Property giant Lendlease is seeing longer settlement periods and higher cash buying as apartment buyers respond to a recent clampdown on mortgage lending by banks.
The company said residential pre-sales remained steady but customers are taking longer – between 28 to 30 days – to complete settlements at Australian apartment buildings.
“In Australia, we are working with buyers who need more time for settlement. We are also seeing increased use of non-banking sources of finance and also more cash buying,” chief financial officer Tarun Gupta said.
Australia’s major banks have tightened lending criteria for property investors over the past year – particularly for foreign investors, in response to the regulator’s cap on lending growth in the investor market.
“We are seeing an uptick in cash settlements, which are now 30 to 35 per cent.

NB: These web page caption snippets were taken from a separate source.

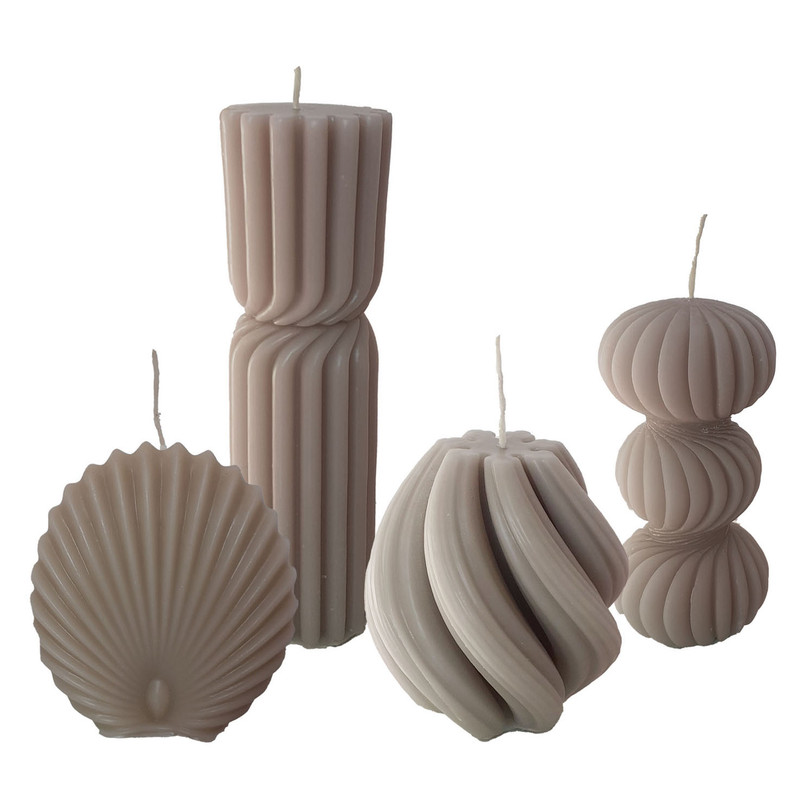 شمع دست ساز مدل دکوری مجموعه 4 عددی 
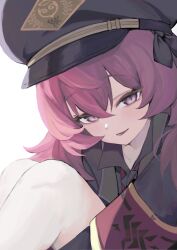 Rule 34 | 1girl, absurdres, armband, black hat, black jacket, black shirt, blue archive, blush, close-up, collared shirt, commentary request, hair between eyes, hat, highres, hugging own legs, iroha (blue archive), jacket, knees up, light blush, long hair, looking at viewer, military hat, parted lips, raised eyebrows, red armband, red eyes, red hair, revision, shirt, simple background, slit pupils, smile, solo, wavy hair, white background, yagiusagi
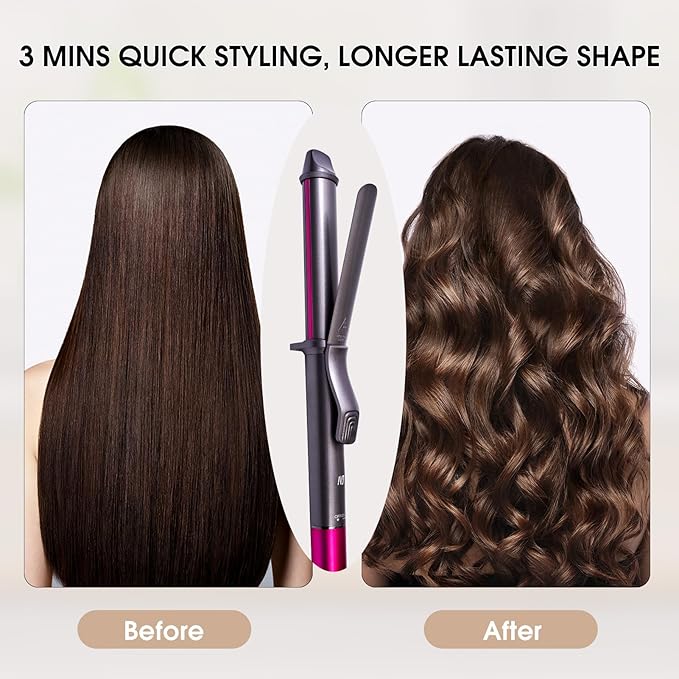 Curling Iron, 1 1/4 Inch Hair Curling Wand with Ceramic Coating, Professional Hair Curler, Fast Heating up to 430°F, Wide Voltage for Worldwide, 60 Mins Auto Off, Magenta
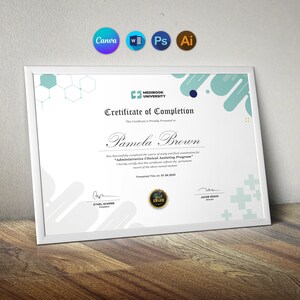 May include: A white certificate of completion with a blue and green abstract design. The certificate is for "Administrative Clinical Assisting Program" and is presented to Pamela Brown. The certificate is dated 07.06.2033.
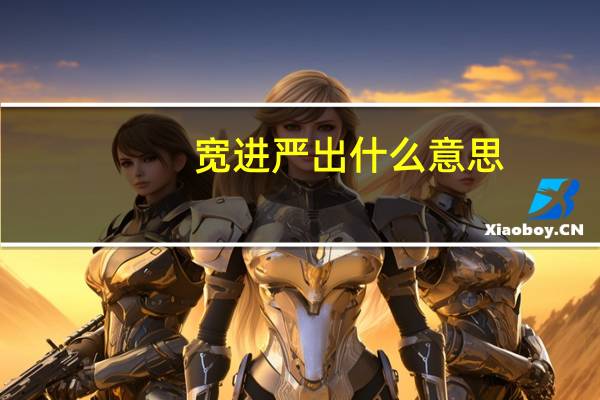 宽进严出什么意思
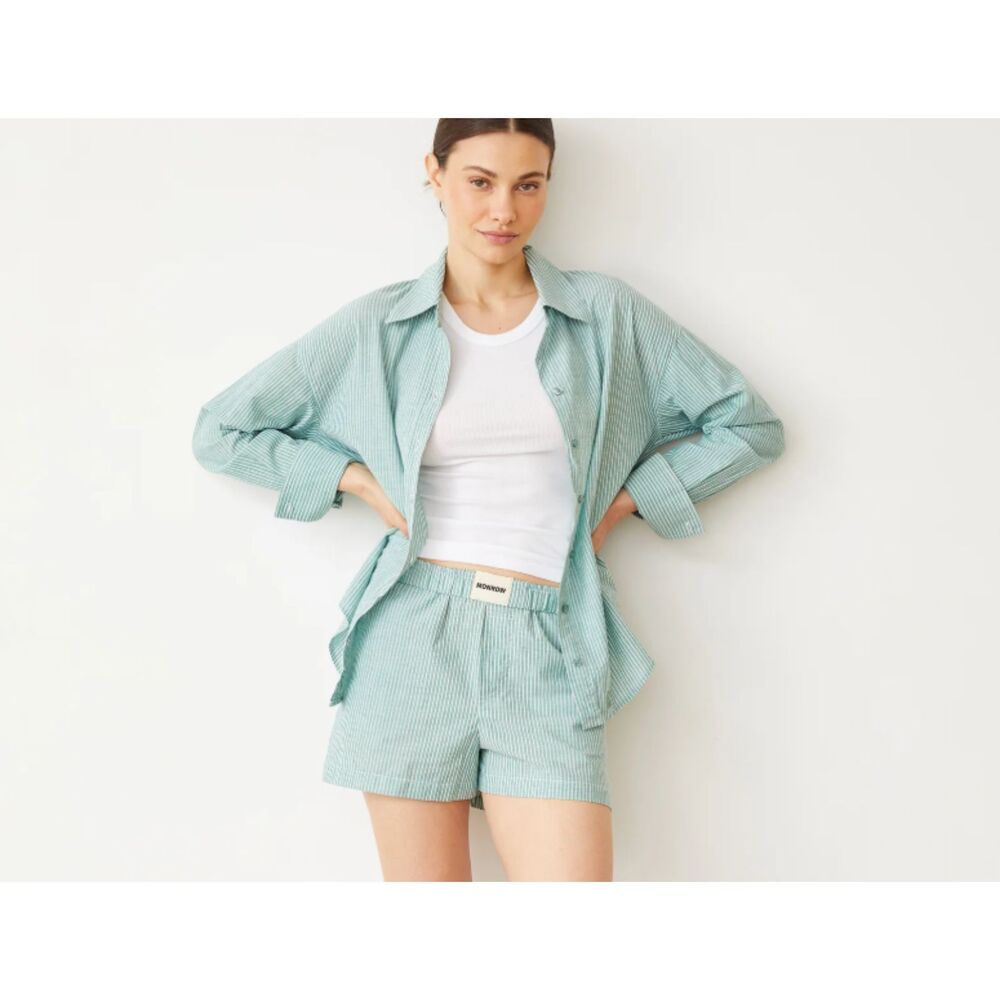 Monrow Poplin Oversized Shirt Striped Cactus Green Large - Picture 8 of 8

We are also seeing more non-banking finance entities writing loans for our customers,” Mr Gupta said.
Lendlease booked residential pre-sales of $5.7 billion, with 2,037 units settled, including 628 apartments.
Apartment defaults continued to be minimal, at less than one per cent.
The company delivered a 12 per cent lift in first-half profit, leveraging on its strength in the construction and office building space.
It reported net profit of $394.8 million for the six months to December 31, as margins jumped at its US construction business and sales were stronger at a number of its Australian office buildings.
Revenue rose 7.6 per cent to $7.95 billion.
Lendlease lifted earnings for the development division by 10 per cent, in part because of the completion of the last of the three Barangaroo office towers in Sydney.
“Commercial development, in particular the Australian office sector, was a highlight of the first half result,” chief executive Steve McCann said over an investor call.
The company made forward sales for three office buildings in Brisbane and Melbourne, and sold down a majority stake in the Circular Quay Tower development in Sydney.
The office segment is expected to be a major contributor to future growth at the company, with 13 major commercial buildings now in delivery phase across the globe, with estimated value of $7 billion.
Total development pipeline grew to $49 billion, up five per cent from a year earlier.
“We remain well placed for future success given earnings visibility and a targeted and disciplined approach to delivering on our strategy,” Mr McCann said.
But the main contributor to profits was the construction division, where half year earnings jumped 45 per cent, mostly on the back of a rebound in margins at the American business as a number of projects were completed.
Construction margins were weaker in Australia, but were offset by increased engineering activity.
The company declared an unfranked interim distribution of 33 cents per security, up 3.0 cents from a year earlier.